TASK ITEM
Once "Häcker - showroomkeuken" turns up in a line below, reproduce that line and those after it exactly, stopping after the line with "MINI Cooper S"; leave pictures out.

EXCERPTED RECORDS
-.-.-

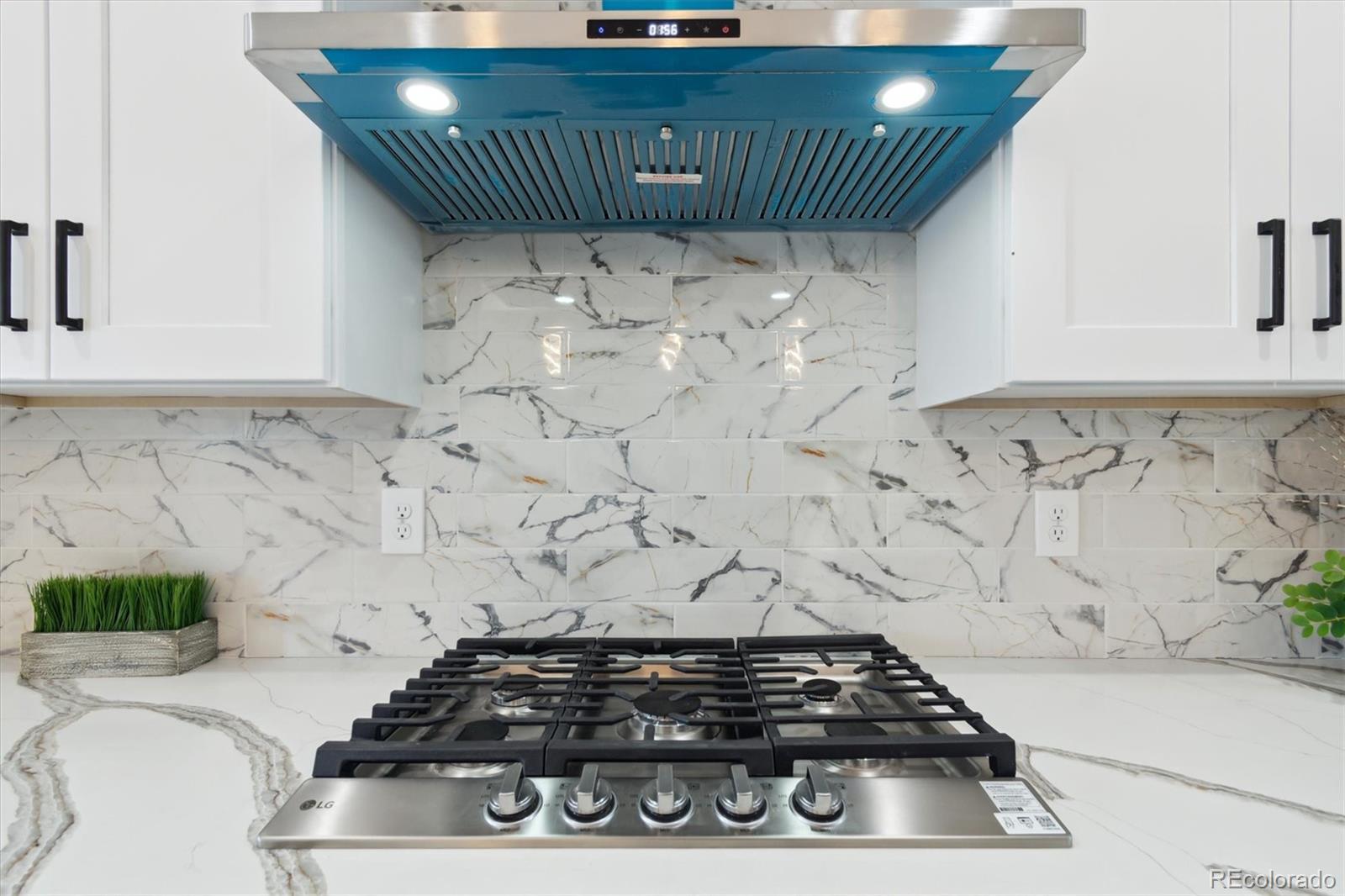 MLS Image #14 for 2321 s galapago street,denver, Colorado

-.-.-

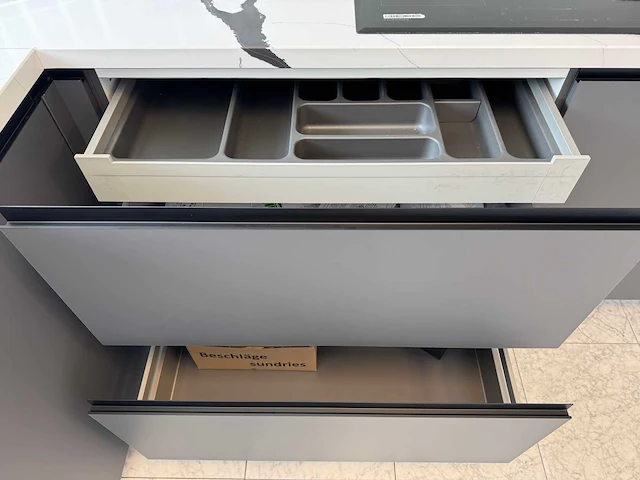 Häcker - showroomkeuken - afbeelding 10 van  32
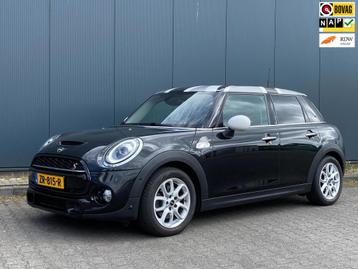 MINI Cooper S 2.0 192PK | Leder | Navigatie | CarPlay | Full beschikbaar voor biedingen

-.-.-

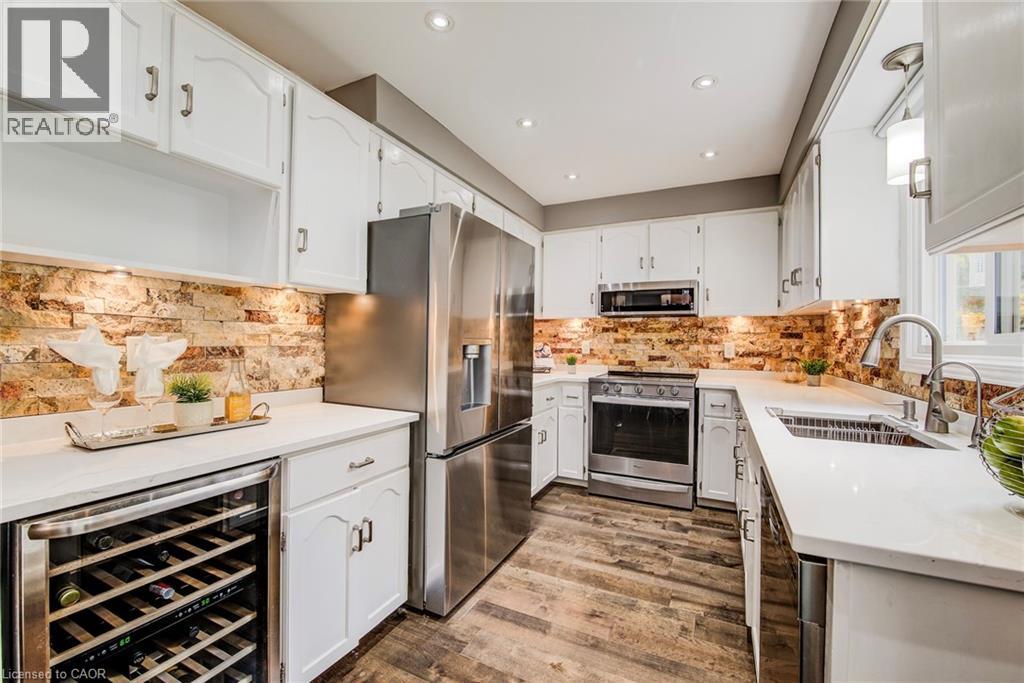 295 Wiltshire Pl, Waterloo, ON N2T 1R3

-.-.-

EXERCISE ANSWER
 Häcker - showroomkeuken - afbeelding 10 van  32
 MINI Cooper S 2.0 192PK | Leder | Navigatie | CarPlay | Full beschikbaar voor biedingen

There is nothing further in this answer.